Close ups on the tank



close up of the land area


----------



## chrisperrins78 (Nov 2, 2011)

Nice set up, the temp is right at the top end of their range. You may want to try to drop it by a couple of degrees. This will also encourage them to breed as they will go through a natural cooling period in the wild. I have a trio of them and they are kept at 17-19 degrees and they are really active. The more plants the better for breeding. Mine have not breed yet, but they are in quite a bare set up which will have a load more plants added in March. 
Hope this helps
Chris


----------



## That guy (Jul 22, 2013)

chrisperrins78 said:


> Nice set up, the temp is right at the top end of their range. You may want to try to drop it by a couple of degrees. This will also encourage them to breed as they will go through a natural cooling period in the wild. I have a trio of them and they are kept at 17-19 degrees and they are really active. The more plants the better for breeding. Mine have not breed yet, but they are in quite a bare set up which will have a load more plants added in March.
> Hope this helps
> Chris


Cheers:2thumb: 

I was thinking of cooling it before i get them but thought they will be ok and if I need to cool it to triggered breeding behaviour then I can cool it and get them to breed : victory:
I'm getting frogbit when I see it. 
I wasn't sure whether to get more plants so decided I'll see how the newts look but will probably get more.
Just wondering how do you cool it? the only thing I can think of are ice cubes


----------



## chrisperrins78 (Nov 2, 2011)

Ice would work or put them outside.


----------



## That guy (Jul 22, 2013)

Can't put them out side  too many cats for me to be constable (the learned how to open my fish tanks outside where I hibernate some young frog 

And we are right on the edge of a bad neighbourhood and people from their come over to where we live and cause trouble. Wouldn't be combatable. 

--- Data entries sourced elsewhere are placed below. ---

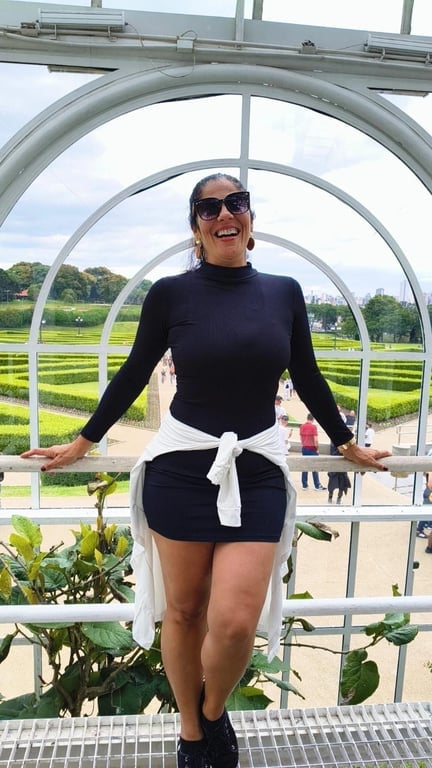 Olá, sou Vevê e trabalho com vários tipos de massagens. 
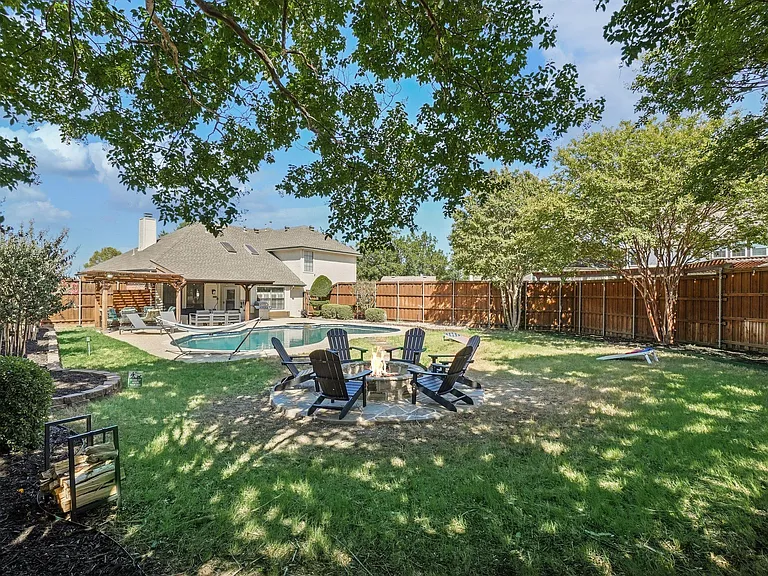 922 Blackstone Dr — Photo 45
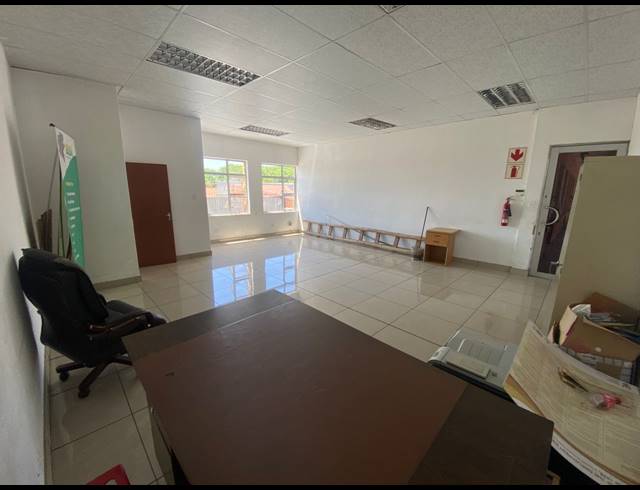 53M² BUILDING TO LET IN RUSTENBURG CENTRAL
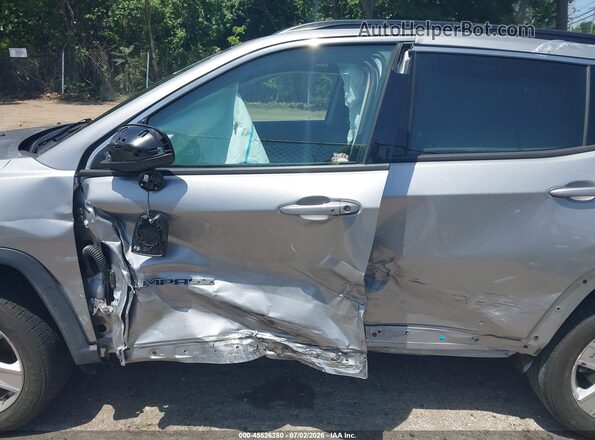 3C4NJDBBXNT210477 2022 JEEP COMPASS Silver 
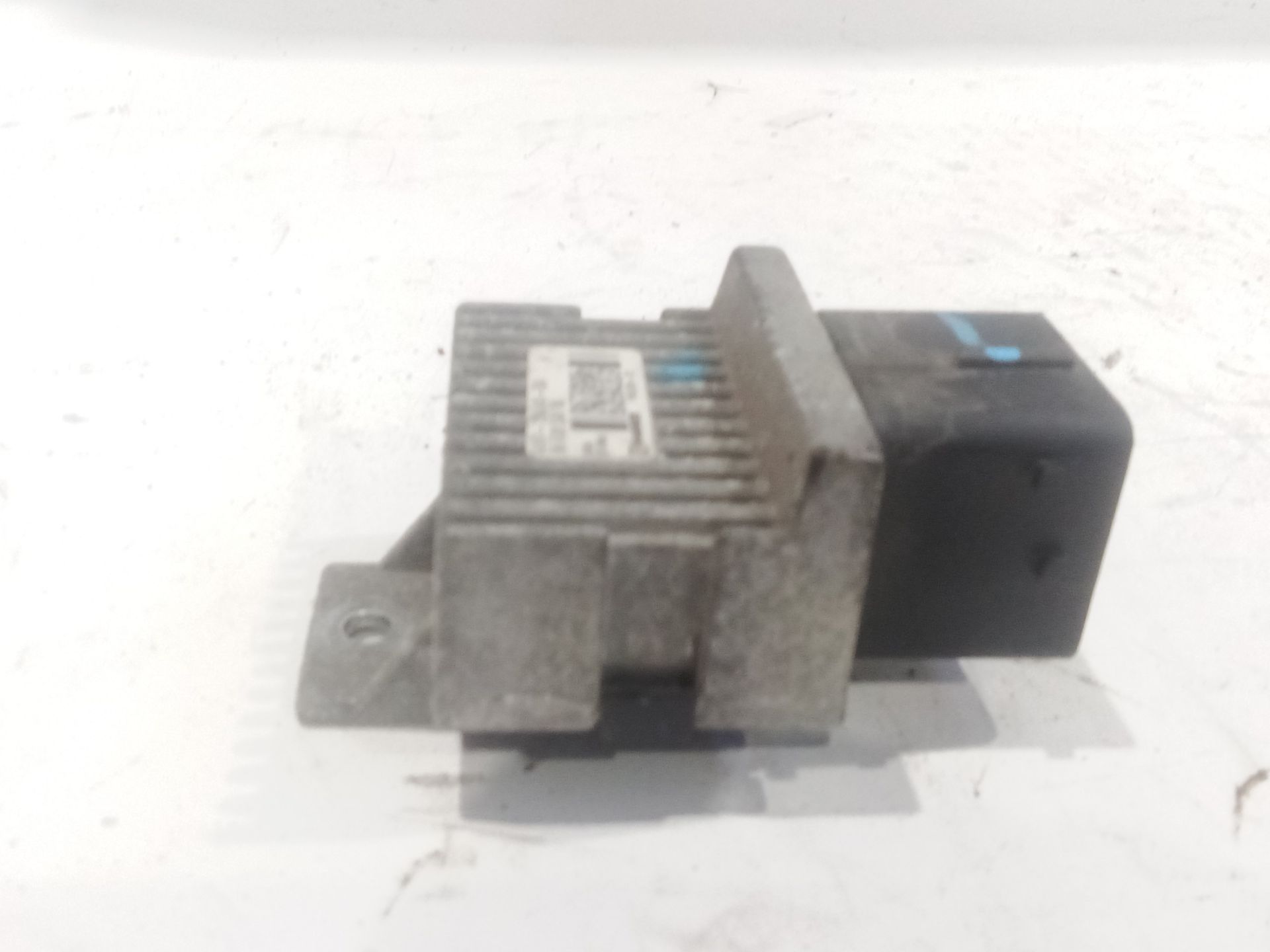 caja_precalentamiento_966638248_av61_12a343_ba_av6112a343ba_fiat_scudo_furgoneta_270_272_1_6_d_multijet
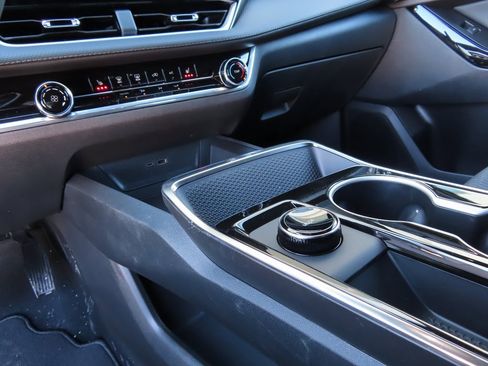 New 2026 Chevrolet Equinox LT w/ Safety and Technology Package image 7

Can you get coolers like you can get heaters?


----------



## Tenaki2427 (Dec 1, 2013)

Hi 
That's awesome I'd love to have some of those :2thumb:
I am not aware of any coolers sold for tanks (although some larger tanks used for transporting fish may have them built in). During the summer I just added ice cubes slowly. You could try using a water bottle with ice in it to keep it cool.
I also topped the tank up with cool water regularly.
I do not think you need a large temperature change, as one of my female H.Orientalis may be laying soon (has been practicing egg laying) and the range at the moment is between 17 and 20 degrees Celsius and I haven't really tried to breed them. The male also seems to court the females occasionally.
You do have a lid for that tank right? 
Good luck : victory:


----------



## That guy (Jul 22, 2013)

Tenaki2427 said:


> Hi
> That's awesome I'd love to have some of those :2thumb:
> I am not aware of any coolers sold for tanks (although some larger tanks used for transporting fish may have them built in). During the summer I just added ice cubes slowly. You could try using a water bottle with ice in it to keep it cool.
> I also topped the tank up with cool water regularly.
> ...


 
Cheers for the info:2thumb: and I do have a lid indeed : victory:
For the last month or so I have had the lid off with a bright light above to get the plants established. Once established they should be ok with room light. Its just getting them established :lol2:

Once I get them I'll defiantly do a post and if they breed I'll do a post as well as updates on how they are doing then once old enough will do a post in the classifieds for selling some.
I really hope I can find another pair or two so I can sell the elfs in breeding pairs or trios. As these guys unfortunately will be related so I will probably sell them individually or if I can sex them maybe in female pairs as well .
But if I can get some more so I can sell unrelated ones together I'll price them individually and in male/female pairs or more money for 1 male 2 female trios or less for female pairs.
Thats what i'm thinking but really need to find out how much to sell the for


----------



## chrisperrins78 (Nov 2, 2011)

If you are after some more of them look at this link. The shop is in swadlincote derbyshire, I don't know if he sends livestock.
Preloved | green blue tail newts(cynops cyanurus) for sale in Swadlincote, Derbyshire
Cheers
Chris


----------



## That guy (Jul 22, 2013)

chrisperrins78 said:


> If you are after some more of them look at this link. The shop is in swadlincote derbyshire, I don't know if he sends livestock.
> Preloved | green blue tail newts(cynops cyanurus) for sale in Swadlincote, Derbyshire
> Cheers
> Chris


Cheers :no1:

What is the shops name?
I saw it when it was first posted but at the time it was too far away. But if he has a shop can you send me a link so I can check if he ships them out?
Thanks:2thumb:


----------



## chrisperrins78 (Nov 2, 2011)

the shop is called KNM reptiles and the phone number is 01283 222250
cheers
Chris


----------



## That guy (Jul 22, 2013)

chrisperrins78 said:


> the shop is called KNM reptiles and the phone number is 01283 222250
> cheers
> Chris


 
Cheers :2thumb:


----------



## bellabelloo (Mar 31, 2007)

I would remove all the fish before you add the newts as you may find the newts get rather stressed with them being in there and will try to leave the water.


----------



## That guy (Jul 22, 2013)

bellabelloo said:


> I would remove all the fish before you add the newts as you may find the newts get rather stressed with them being in there and will try to leave the water.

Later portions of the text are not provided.